The problem
I'd like every entry returned exactly as it is, with the images left out.

Short descriptive text snippets
• • •
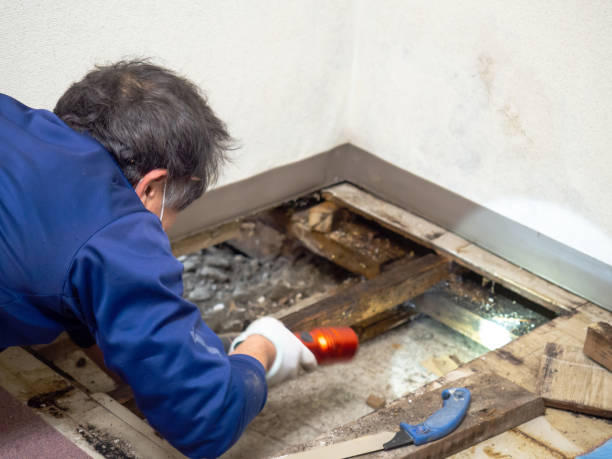 Best Best Mold Removal Companies  in Ferndale, MI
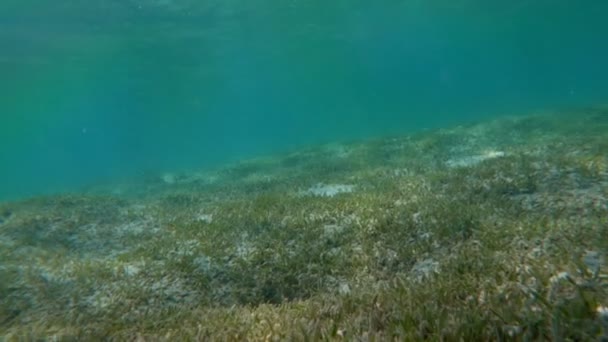 Морское дно с травой — стоковое видео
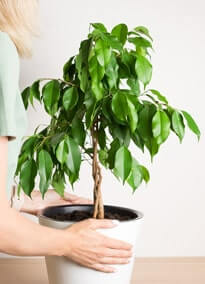 Card image about Comprehensive Maintenance 2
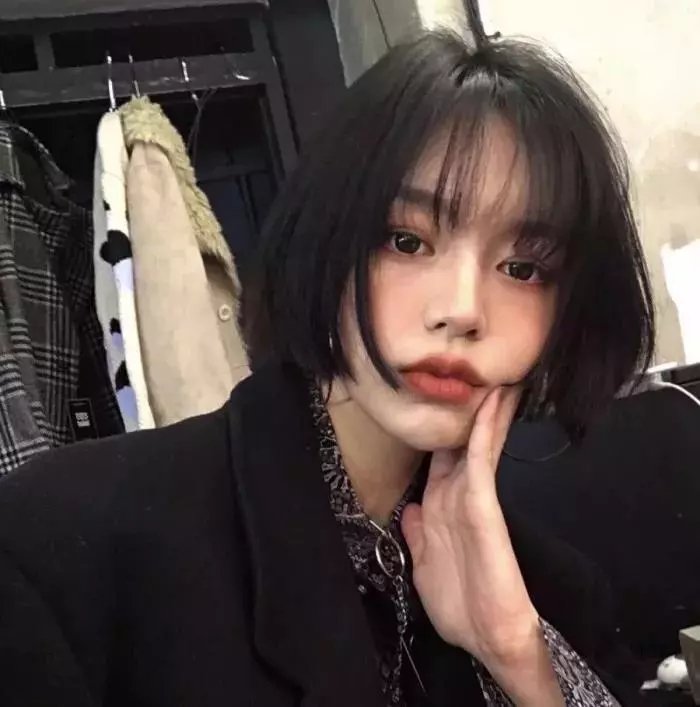 天网狼蛛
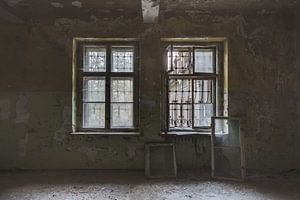 Window for Window by Perry Wiertz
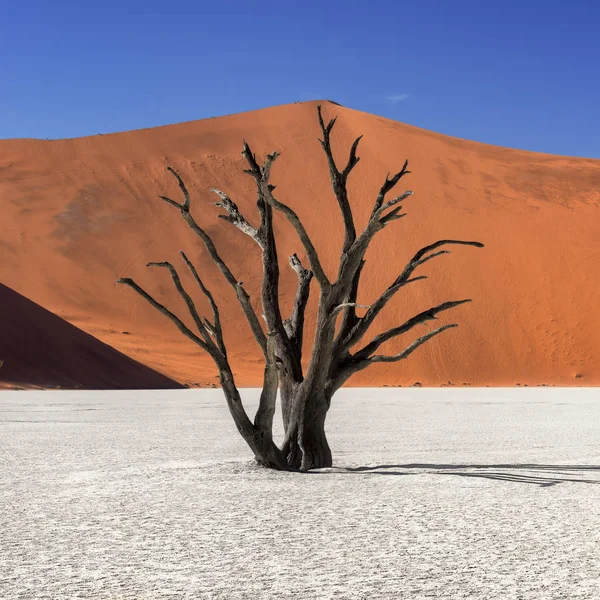 Abgestorbene Akazien und rote Dünen des Verfalls in namib-naukluft pa — Stockfoto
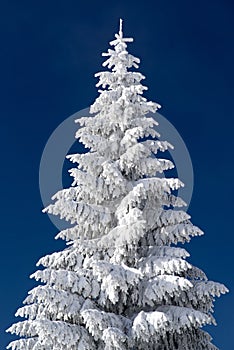 Snowy fir tree and blue sky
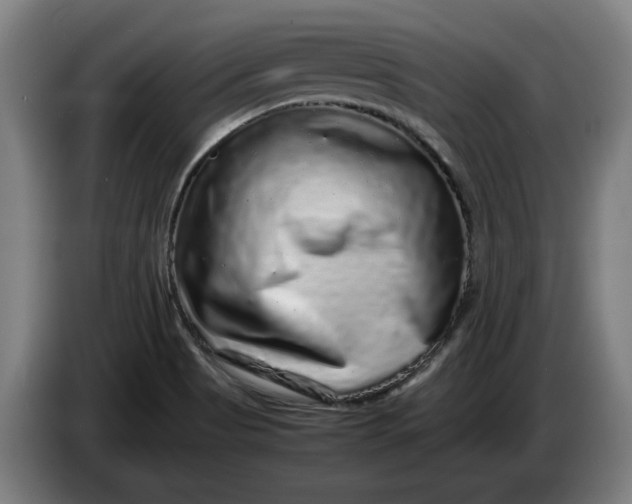 X0000086261513200704191853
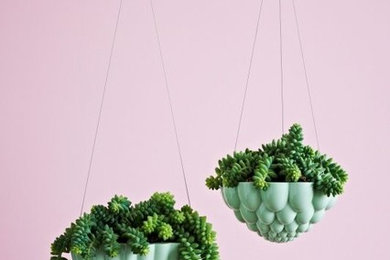 Ceramics for Colorful People - Hanging Planters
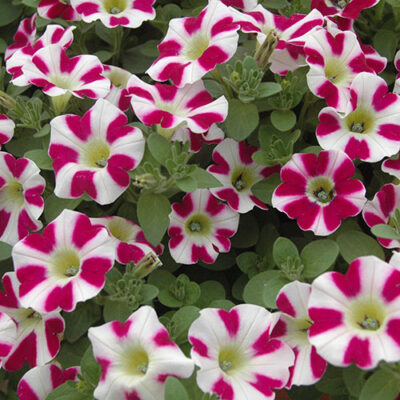 PETUNIA FUN HOUSE PINK BICOLOR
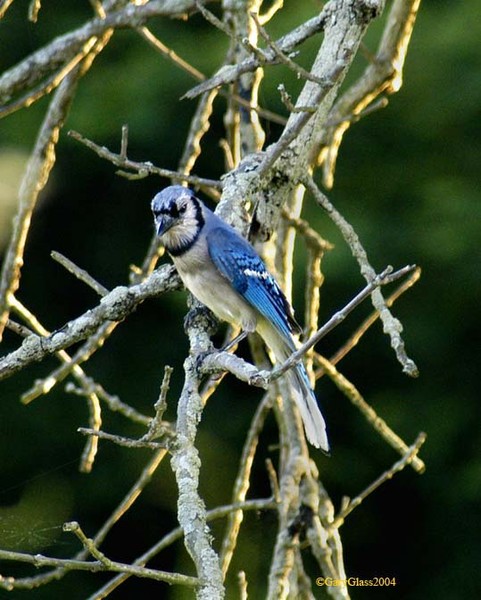 Blue Jay Stare Down
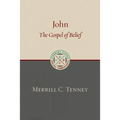 John: The Gospel of Belief: An Analytic Study of the Text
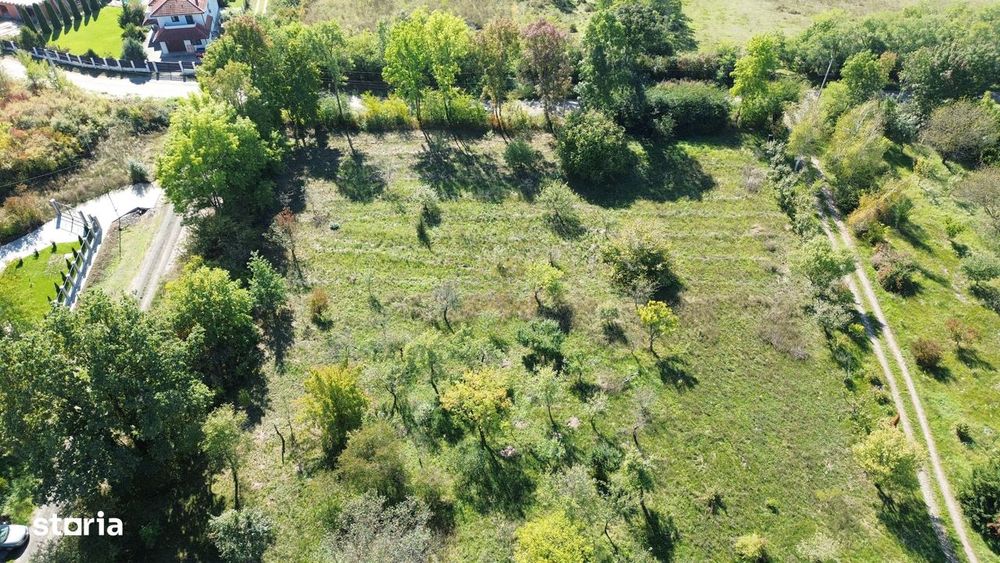 De vanzare Teren Intravilan Viile Satu Mare /Parcelabil/Zona Superba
• • •
Result of the exercise
 Best Best Mold Removal Companies  in Ferndale, MI
 Морское дно с травой — стоковое видео
 Card image about Comprehensive Maintenance 2
 天网狼蛛
 Window for Window by Perry Wiertz
 Abgestorbene Akazien und rote Dünen des Verfalls in namib-naukluft pa — Stockfoto
 Snowy fir tree and blue sky
 X0000086261513200704191853
 Ceramics for Colorful People - Hanging Planters
 PETUNIA FUN HOUSE PINK BICOLOR
 Blue Jay Stare Down
 John: The Gospel of Belief: An Analytic Study of the Text
 De vanzare Teren Intravilan Viile Satu Mare /Parcelabil/Zona Superba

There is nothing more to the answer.